一人旅

真夜中の虹の一人旅のレビュー・感想・評価

真夜中の虹(1988年製作の映画)
4.0
アキ・カウリスマキ監督作。

父を自殺で亡くしたカスリネンは遺産として残った車に乗り込み南へ向かう。やがて行き着いた先で仕事を見つけるが・・・。

カスリネンに次々訪れる災難。
二人組のチンピラに後頭部を一撃され、有り金全てを速攻で奪われてしまう。さらに、後日偶然見つけたチンピラに借りを返そうとしたところ、警察に逮捕され抑留される。
金もない、仕事もない、家族もいない、友達もいない、何もない・・・。
ないないづくしのカスリネン。
しかし、違反駐車がきっかけで知り合った一人の子連れ女性イルメリと共に計画した国外脱出を夢見て奔走し始める。

イルメリと出会う前のカスリネンに将来の明確なビジョンは無いような印象だ。
新たな目標が出来たことで、そして何より愛する人が出来たことでカスリネンは絶望の中に一筋の希望を見出していく。

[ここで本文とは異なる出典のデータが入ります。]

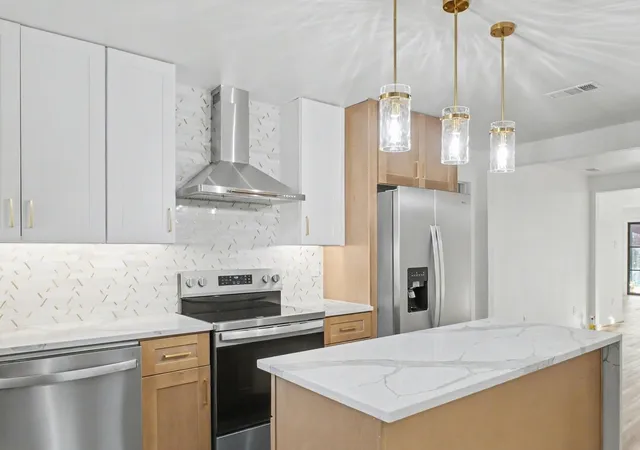 Photo 3 of Single family home for sale at 7518 Caillet St, Dallas, TX 75209 | MLS# 21245660 | Listing updated on 2026-09-28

カスリネンほどの不遇と悲劇を味わう人間は現実でもそうはいないだろう。それでもカスリネンは前を向いた。無口で無愛想な男だけど、幸福を追求し続ける限りは運と神は見放さないのかもしれない。そう信じたい。
一匹狼カスリネン.........人間の底力のようなものを感じさせる。